Preferred examples of the organic azo compound include azonitrile compounds such as “V-30”, “V-40”, “V-59”, “V-60”, “V-65” and “V-70”, azoamide compounds such as “VA-080”, “VA-085”, “VA-086”, “VF-096”, “VAm-110” and “VAm-111”, cyclic azoamidine compounds such as “VA-044” and “VA-061”, and azoamidine compounds such as “V-50” and VA-057” (each, trade name, commercially available from Wako Pure Chemical Industries), 2,2-azobis(4-methoxy-2,4-dimethylvaleronitrile), 2,2-azobis(2,4-dimethylvaleronitrile), 2,2-azobis(2-methylpropionitrile), 2,2-azobis(2,4-dimethylbutyronitrile), 1,1-azobis(cyclohexane-1-carbonitrile), 1-[(1-cyano-1-methylethyl)azo]formamide, 2,2-azobis {2-methyl-N-[1,1-bis(hydroxymethyl)-2-hydroxyethyl]propionamide}, 2,2-azobis[2-methyl-N-(2-hydroxybutyl)propionamide], 2,2-azobis[N-(2-propenyl)-2-methylpropionamide], 2,2-azobis(N-butyl-2-methylpropionamide), 2,2-azobis(N-cyclohexyl-2-methylpropionamide), 2,2-azobis[2-(2-imidazolin-2-yl)propane]dihydrochloride, 2,2-azobis[2-(2-imidazolin-2-yl)]propane]disulfate dihydrate, 2,2-azobis{2-[1-(2-hydroxyethyl)-2-imidazolin-2-yl]propane}dihydrochloride, 2,2-azobis[2-[2-imidazolin-2-yl]propane], 2,2-azobis(1-imino-1-pyrrolidino-2-methylpropane)dihydrochloride, 2,2-azobis(2-methylpropionamidine)dihydrochloride, 2,2-azobis[N-(2-carboxyethyl)-2-methylpropionamidine]tetrahydrate, dimethyl-2,2-azobis(2-methylpropionate), 4,4-azobis(4-cyanovaleric acid) and 2,2-azobis(2,4,4-trimethylpentane).
Of these, the organic peroxides are most preferred, because they enable effective polymerization by the addition of a small amount.
In the invention, these radical generators may be used either singly or in combination.
The amount of the radical generator to be used in the present invention is preferably from 0.001 to 2 moles, more preferably from 0.01 to 1 mole, especially preferably from 0.05 to 0.75 mole per mole of the monomer.
The optimum conditions for the polymerization reaction in the invention differ, depending on the kind or concentration of the radical generator, monomer or solvent.
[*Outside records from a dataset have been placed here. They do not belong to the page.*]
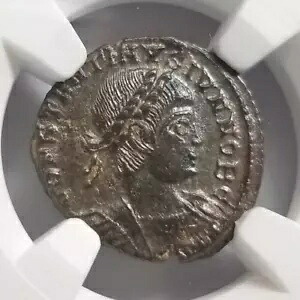 コンスタンティヌス 2 世 ローマ帝国 BI Nummus AE3/4 NGC MS 古代 Epfig Hoard 血統|WORLD RESOURCE【KING店】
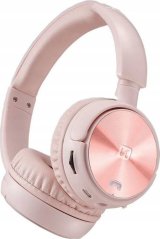 Swissten Swissten TRIX Słuchawki Bezprzewodowy Opaska na głowę Bluetooth Ružový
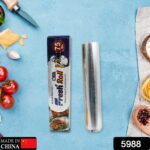 Premium Quality Aluminum Foil Roll Heavy Duty Thick Foil Baking Grilling 295 mm 1 Pc - With Dupatta by Nari Haat, Ind...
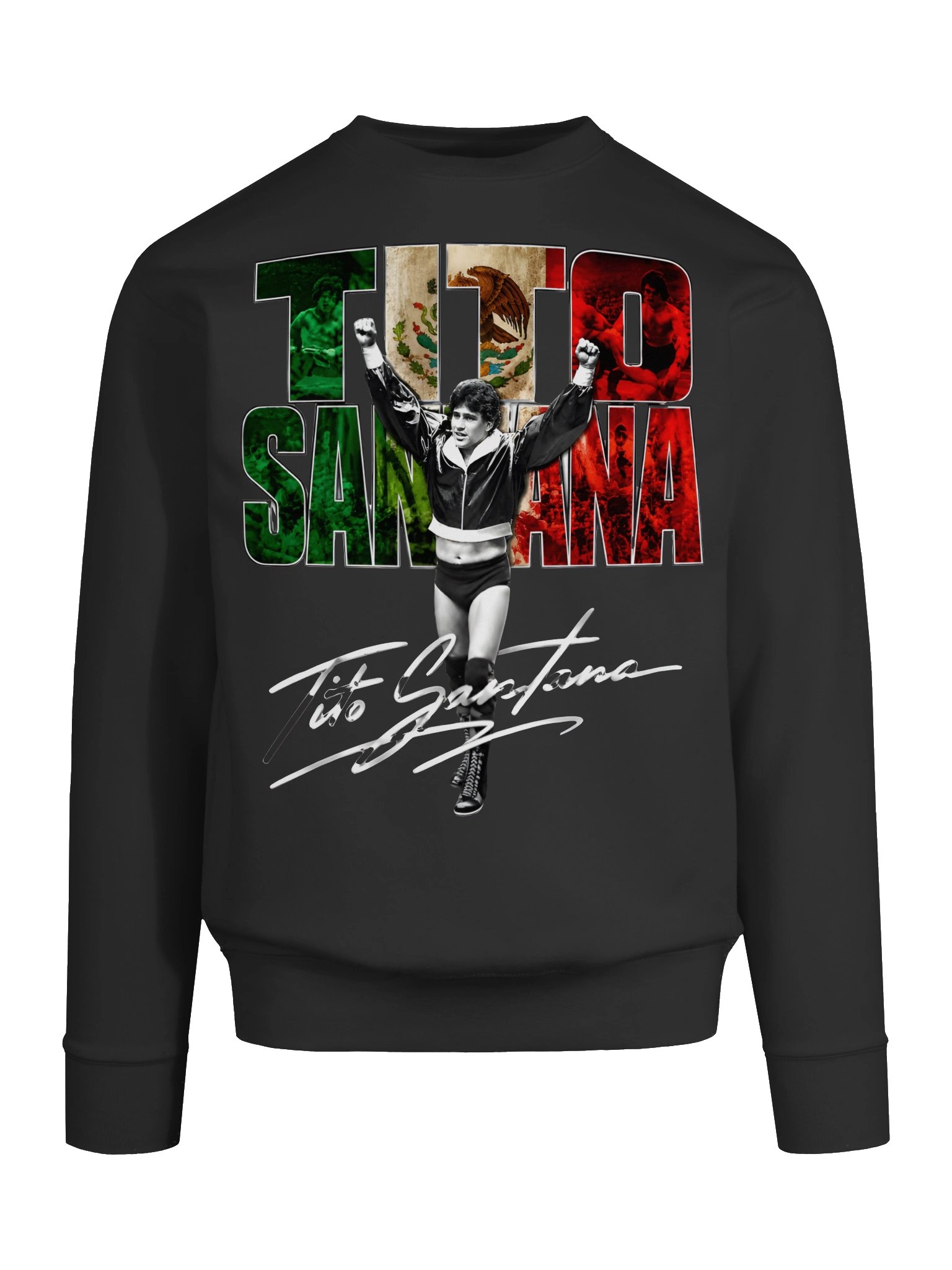Tito Santana Legacy Crew Neck product image (132)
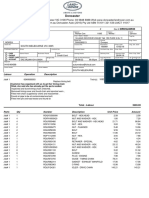 Service Invoice DRCSL60933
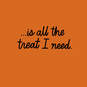 Thinking of You Is a Treat Halloween Card, , large image number 2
The internal temperature is preferably from 0 to 250° C., more preferably from 50 to 220° C., especially preferably from 100 to 200° C., while the reaction time is preferably from 0.1 to 50 hours, more preferably from 0.2 to 20 hours, especially preferably from 0.3 to 10 hours.
In order to suppress the inactivation of the radical generator due to oxygen, the reaction is performed preferably in an inert gas atmosphere (such as nitrogen or argon). The oxygen concentration during the reaction is preferably 100 ppm or less, more preferably 50 ppm or less, especially preferably 20 ppm or less.
The cage structure in the invention may be substituted as a pendant group in the polymer or may become a portion of the polymer main chain, but latter is preferred. If the cage structure becomes a portion of the polymer main chain, this means that the polymer chain is broken by the removal of the cage compound from the polymer. In this case, the cage structure may be connected directly via a monovalent linking group or by an appropriate divalent linking group. Example of the linking group include —C(R11)(R12)—, —C(R13)═C(R14)—, —C≡C—, arylene group, —CO—, —O—, —SO2—, —N(R15)—, and —Si(R16)(R17)—, and combination thereof. In these groups, R11 to R17 each independently represents a group similar to those exemplified as X1 to X4 and Y1 to Y4 in the formulas (I) to (III), preferably a hydrogen atom, an alkyl group, an alkenyl group, an alkynyl group or an aryl group. These linking groups may be substituted by any substituent and as the substituent, the above-described ones are preferred.
Of these, the linking groups in which R11 to R17 each represents a hydrogen atom, a methyl group or ethyl group are more preferred and —C(R11)(R12)—, —CH═CH—, —C≡C—, arylene group, —O—, and —Si(R16)(R17)—, and combination thereof are more preferred, with —C(R11)(R12)— and —CH═CH— being especially preferred in consideration of a low dielectric constant.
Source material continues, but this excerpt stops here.